Go back to previous topic
Forum nameThe Lesson
Topic subjectHas music lost that loving feeling? (Medium post)
Topic URLhttp://board.okayplayer.com/okp.php?az=show_topic&forum=5&topic_id=2999598&mesg_id=2999598
2999598, Has music lost that loving feeling? (Medium post)
Posted by obsidianchrysalis, Mon Dec-25-17 05:54 PM
by Om Malik

Over past few months, I have become strangely obsessed with reconnecting to music, listening, curating and most importantly experiencing it, much like I used to about a decade ago. In the years that intervened, like many, I too succumbed to the charms of streaming music…. the sheer ease of accessing music, anytime, anywhere on any device made perfect sense.

The downside of streaming was that the music was optimized to meet the vagaries of the broadband networks, and as such, we moved away from the idea of music from say a compact disc. But the end of our love affair with music began even before shitty headphones and low-resolution audio streams. Formats and devices have nothing to do with music, art, and creativity — what matters is the human relationship to creativity. At the turn of the century, I had ripped my vast collection of CDs as MP3 and FLAC files and listened to them on my iPod and laptop home-server-fi music system. First MusicMatch, then iTunes and WinAmp became my most used applications. The music was still blissful, and the speakers and music system were in harmony.

And then I moved to San Francisco, the speakers were damaged, and the amplifier fell into disuse and it was sold for a few hundred dollars. CD player met that same fate. The music blared from my laptop or on headphones that came with the iPods. They were poor quality and slowly and slowly, convenience trumped quality. I bought some noise canceling headphones from Bose for travel, and frankly, they were good enough for listening to music.

Music lost a bit of personal connection and became Muzak. I didn’t know the albums by heart. There were no liner notes, no way to learn the story. There was no getting up and changing the CD, a simple effort that brought me closer to the music. Playlists went on forever, and the music just played in the background. Endlessly. I didn’t know who was playing. The snippets became a way of identifying the song, but I couldn’t tell you the name of the song, without looking at the screen. And then the algorithms took over.

**

Earlier this month, Spotify launched a feature to showcase my year in music. It was dominated by old jazz favorites, the electronica from the late 1990s and early 2000s, and a few new songs that the algorithm had recommended, and I liked and played them again and again. I might have liked the songs, but the list didn’t feel personal. I had made no effort in developing a relationship with the new songs. I had no clue who made them, what was their story and why they were recommended to me. I am the only person in America who hasn’t listened to Jay Z, Rihanna, Drake or The Wknd this past year. I know of Justin Bieber’s new hit, but don’t ask me it’s name.

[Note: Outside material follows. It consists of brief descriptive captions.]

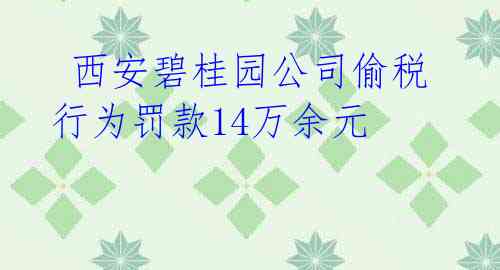  西安碧桂园公司偷税行为罚款14万余元 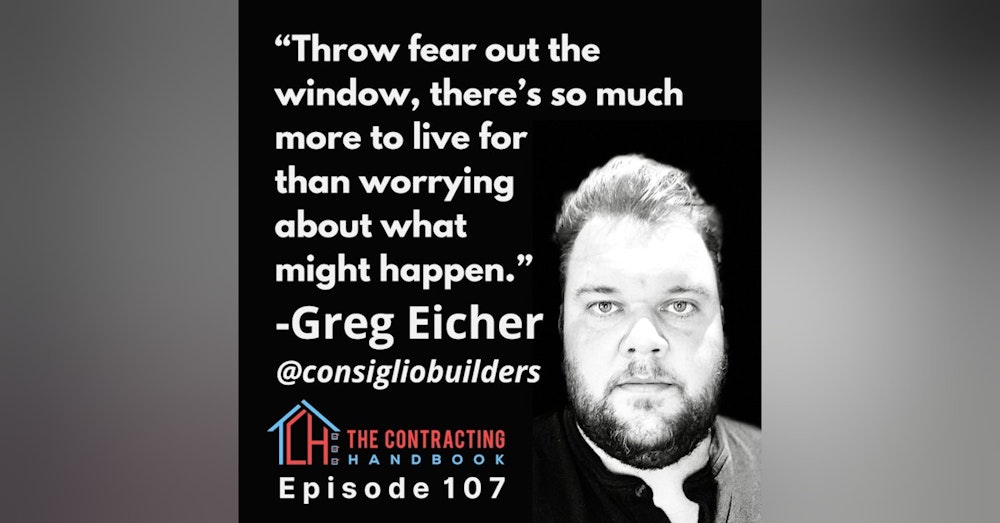 Greg Eicher of Consiglio Builders talks building luxury homes, the clients, self improvement, and his favorite tool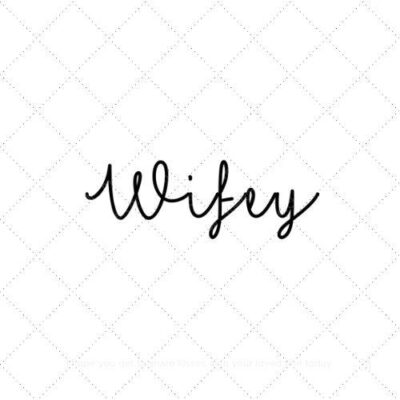 Wifey36 SVG PNG EPS AI DXF Download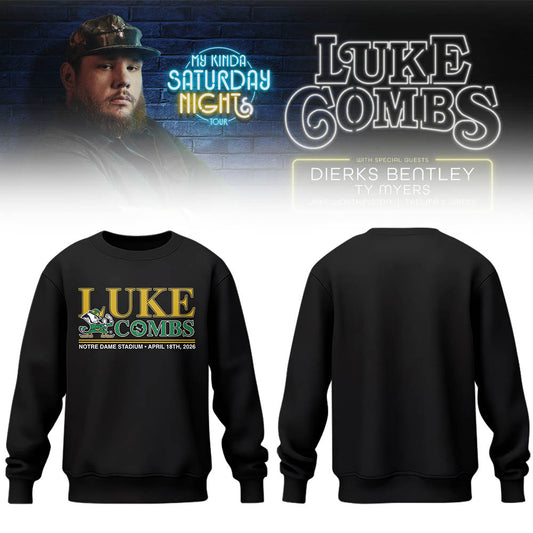 Limited Edition “My Kinda Saturday Night Tour” at Notre Dame Stadium Sweatshirt-LL26042036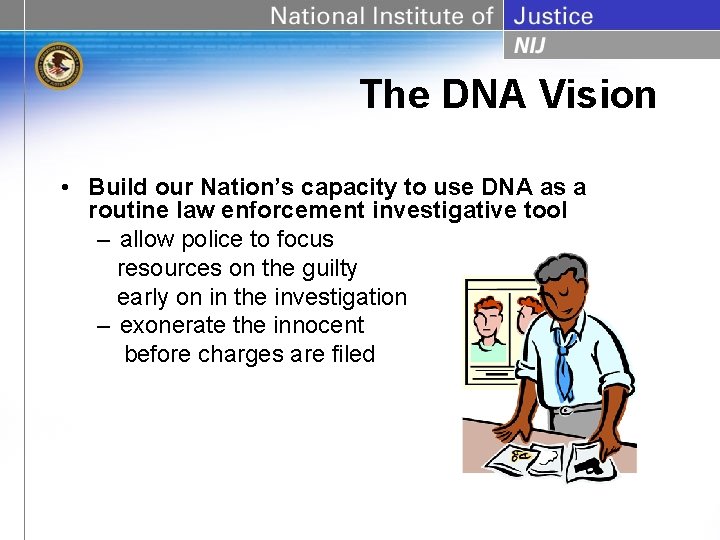 The DNA Vision • Build our Nation’s capacity to use DNA as a routine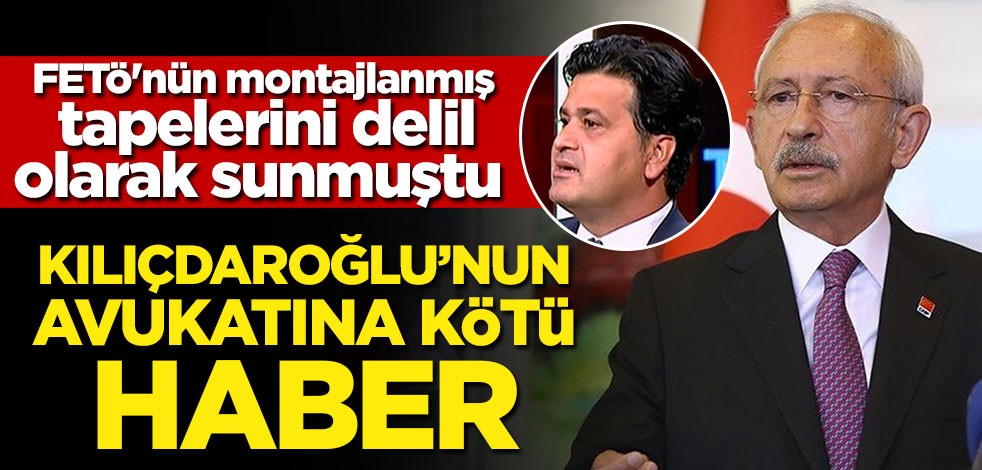 FETÖ'nün montajlanmış tapelerini delil olarak sunmuştu! Kılıçdaroğlu'nun avukatına kötü haber!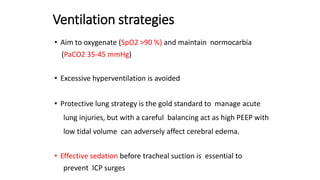 Ventilation strategies
• Aim to oxygenate (SpO2 >90 %) and maintain normocarbia
(PaCO2 35-45 mmHg)
• Excessive hyperventilation is avoided
• Protective lung strategy is the gold standard to manage acute
lung injuries, but with a careful balancing act as high PEEP with
low tidal volume can adversely affect cerebral edema.
• Effective sedation before tracheal suction is essential to
prevent ICP surges
 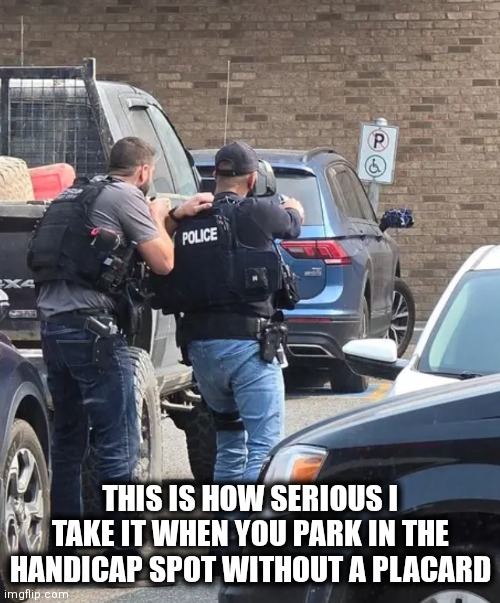 Handicap Parking Only | THIS IS HOW SERIOUS I TAKE IT WHEN YOU PARK IN THE HANDICAP SPOT WITHOUT A PLACARD | image tagged in funny | made w/ Imgflip meme maker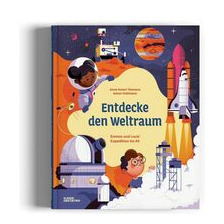 Kinderbuch ENTDECKE DEN WELTRAUM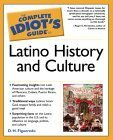 The Complete Idiot's Guide to Latino History and Culture by Roger E. Hernández, D.H. Figueredo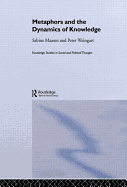Metaphor and the Dynamics of Knowledge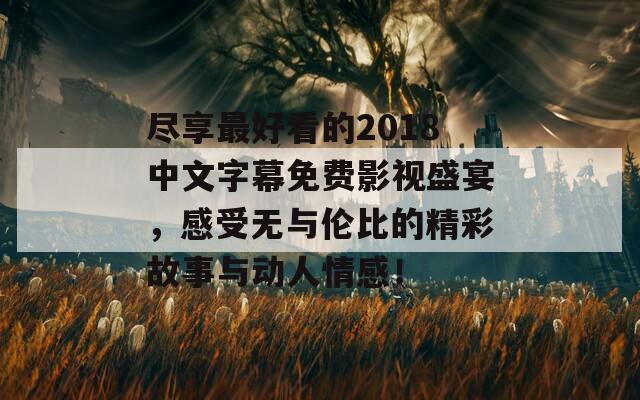 尽享最好看的2018中文字幕免费影视盛宴，感受无与伦比的精彩故事与动人情感！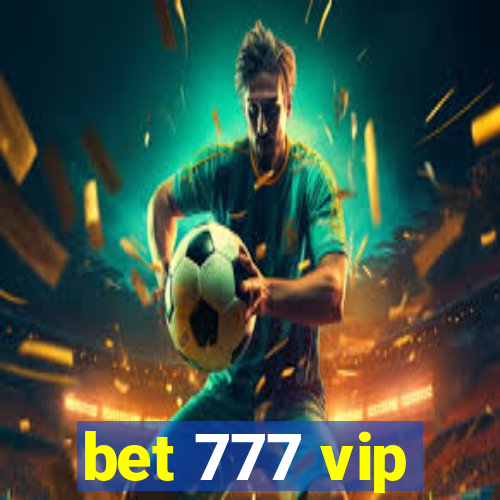 bet 777 vip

Music, movie, food, and book recommendations are supposed to be very human — they mean much more when they come from a friend. They allow us to build a memory, which in turn then makes them valuable. For example, I have been best friends with Tito for nearly four decades, and it all started by exchanging tapes of music, making mixtapes. Had it not been for him, I wouldn’t have ever heard Yeke Yeke by Mory Kante. Or Peter Gabriel’s So. Growing up in India, we were limited by access to music and had friends with music.

Tito and I later became roommates in New York, and our friendship will soon turn 50, just because we exchanged a few tapes and geeked out over African music, Tom Petty, and Peter Gabriel. As a jazz and blues lover, those three artists were not on my menu, and honestly, no algorithm would have introduced me to that music.

**

There is a story behind the songs, and it is why Yeke Yeke is on my Spotify Time Capsule. Much like Just an Illusion of Imagination, which always takes me back to Ghungroos, a long-gone night spot where I danced the night away in my late teens. In comparison to so many recommendations made by Spotify that make me ask – “but why?”, Spotify Time Capsule gets so much — but not everything – right. It is as close to algorithmic delight as one can get. And the reason is not the algorithm but the stories behind the components of the playlist.

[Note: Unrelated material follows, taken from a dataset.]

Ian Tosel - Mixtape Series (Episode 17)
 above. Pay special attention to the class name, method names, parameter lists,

The two different feelings generated by Spotify’s algorithms is also reflective of the rudimentary nature of what is being marketing as artificial intelligence. The hype around the magic of AI is at an extreme, mostly because it is a convenient phrase to get headlines, create fears of dystopia and raise capital. Instead, no one takes a pause and think – personalization of software and services that are driven by software and data has just begun.

The algorithmic world we live in puts convenience and speed ahead of these abstract concepts of human consciousness and connections. Facebook has blunted the idea of friendship, and relationships, LinkedIn has turned business relations into a spectator sport of likes, follows and recommendations. Algorithm writers forget that we all need narratives, stories we need to tell each other to have a real connection.